Please click the green "Run" button; if the program refuses to connect, click on the provided link to view the code.

Ulam Spiral

Updated: Oct 27, 2019

According to the story, Stanislaw Ulam was bored during a lecture, sometime after his work on the Manhattan Project. He began doodling: a 1 in the center of his page, then the next 8 integers in a spiral surrounding the center to make a 3 by 3 grid, then the next 16 integers in a spiral to make a 5 by 5 grid, then the next 24 integers to make a 7 by 7, and so on:

Example Ulam Spiral

He found that primes occurred in higher frequencies within certain patterns. For example, the small Ulam spiral above contains 15 primes:

Program - Prime Number Finder v2

The prime frequency in this whole set is 15 / 49, or about 30.6%. However, look at the diagonal in the Ulam spiral containing the numbers 39, 19, 7, 23, and 47. That set of 5 integers contains 4 primes, yielding a prime frequency of 80%. Finding such diagonals helps to find new primes.


Program

Soon after learning about the Ulam spiral, I knew for certain that I wanted to program its output. I have not seen many cases of math being both useful and visually beautiful, but this spiral certainly fit the bill.


These spirals are easy for a human to make; all we need to do is start at the center of a page and write numbers around it. However, programs cannot start their output in the middle of the window. They print left to right, top to bottom.


Mimicking the human method of creating a spiral would mean mapping the above Ulam spiral onto these array positions:

7 by 7 Ulam Spiral Array Positions

I would have had to find a way to put 37 in position 1, 49 in position 49, 1 in position 25, and everything else. The randomness stumped me; I decided to find another way.


I broke down the Ulam spiral into patterns. Imagine that the number 1 is at the center of a compass:


Going down the Southeast diagonal (9, 25, 49), we can see that it contains the squares of consecutive odd numbers. 9 is the first "layer" from the center, 25 is the second, and 49 is the third.
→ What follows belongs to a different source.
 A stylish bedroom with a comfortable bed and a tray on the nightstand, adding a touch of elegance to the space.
We have a pattern: on the Southeast diagonal, the numbers are

((# Layer from Center) * 2 + 1) ^ 2

The Northwest diagonal appears to contain one plus the even squares, or

((# Layer from Center) * 2) ^ 2 + 1


Converting the formulas to code, we have the entire diagonal from top left to bottom right, or Northwest to Southeast:

for (r = 0, c = 0; r <= size * 2; c++, r++)

{

if (r < size)

{

ulam[r][r] = 4 * pow (size - r, 2) + 1;

down ();

}

if (r >= size)

{

ulam[r][r] = pow (2 * (r - size) + 1, 2);

up ();

}

}

Taking in the number of layers as the variable size, this for loop fills array positions (row n, column n) from (1, 1) to (2 * size - 1, 2 * size - 1) according to the aforementioned formulas.
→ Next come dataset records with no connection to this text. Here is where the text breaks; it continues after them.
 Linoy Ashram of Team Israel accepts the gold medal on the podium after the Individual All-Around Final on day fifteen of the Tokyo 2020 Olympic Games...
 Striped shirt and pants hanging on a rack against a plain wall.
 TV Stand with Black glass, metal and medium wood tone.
From there, the rest of the Ulam spiral can be filled in. Looking at the Northwest diagonal first, each number moving down is one more than the number above it, while each number moving right is one less than the the number left of it. The function down(), in the first if statement, handles this task:

void

down ()

{

for (n = 1; n <= (size - r) * 2; n++)

{

ulam[r + n][c] = ulam[r][c] + n;

ulam[r][c + n] = ulam[r][c] - n;

}

}

The for loop body performs what I just said, of filling in numbers down the rows and left through the columns from the Northwest diagonal. I made this function so that each new number would not need to refer to the number right next to it; it need only refer to the diagonal. If a new number is 3 away from the diagonal (n), then it will be 3 more if 3 rows down or 3 less if 3 columns right.

The for loop condition makes sure that the filling-in of numbers stops at the right place.
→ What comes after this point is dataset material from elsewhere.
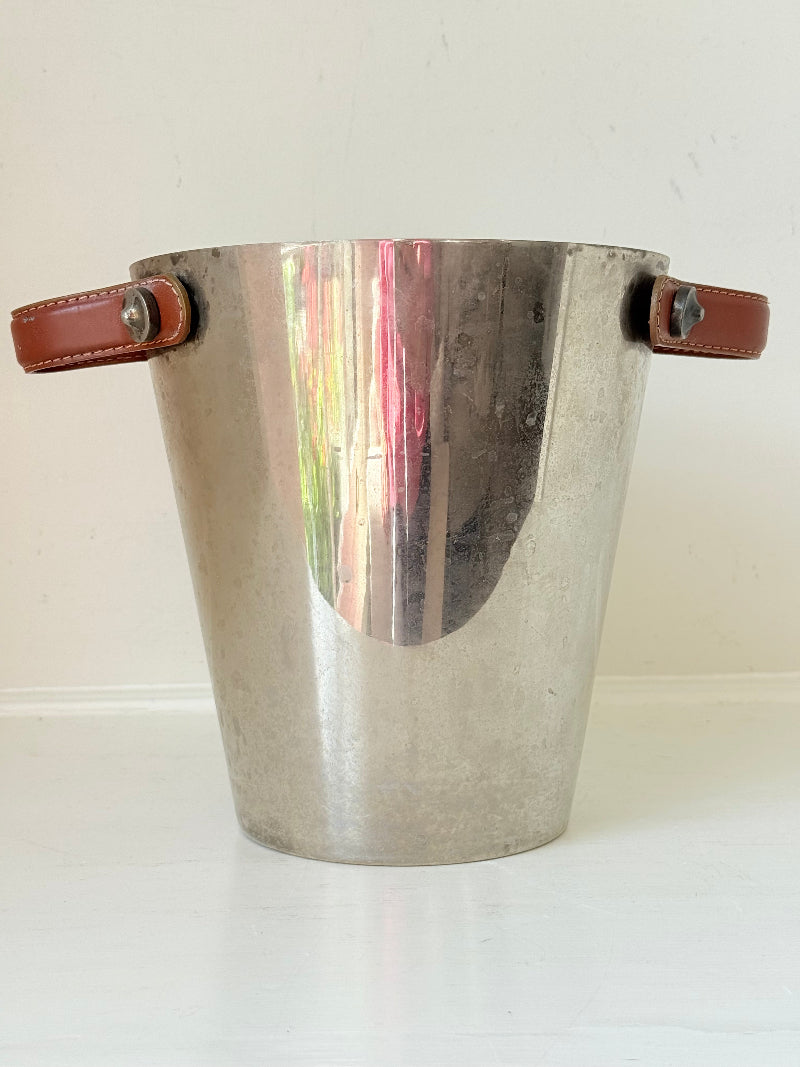 Vintage metal wine cooler with leather handles and tapered form, photographed on white surface.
Otherwise, the for loop body would operate all the way down and all the way right. For example, the number 44 would show up as 22, being 5 rows down from 17 on the Northwest diagonal. 45 would show up as 9, being 4 rows down from 9 on the diagonal.


Half of the up() function in the second if statement works similarly:

ulam[r][c - n] = ulam[r][c] - n;

which results in:

Unfortunately, we cannot work up from the Southeast diagonal to handle the last quadrant of my Ulam spiral. Moving upwards, 9 jumps to 2, 25 jumps to 10, and 49 jumps to 26.


Fortunately, our Northeast diagonal is already filled in by this point in the program, so we can work down from there:

ulam[2 * size - r + n][c] = ulam[2 * size - r][c] - n;

Starting with just the diagonal from top left to bottom right, I can fill in an entire Ulam spiral.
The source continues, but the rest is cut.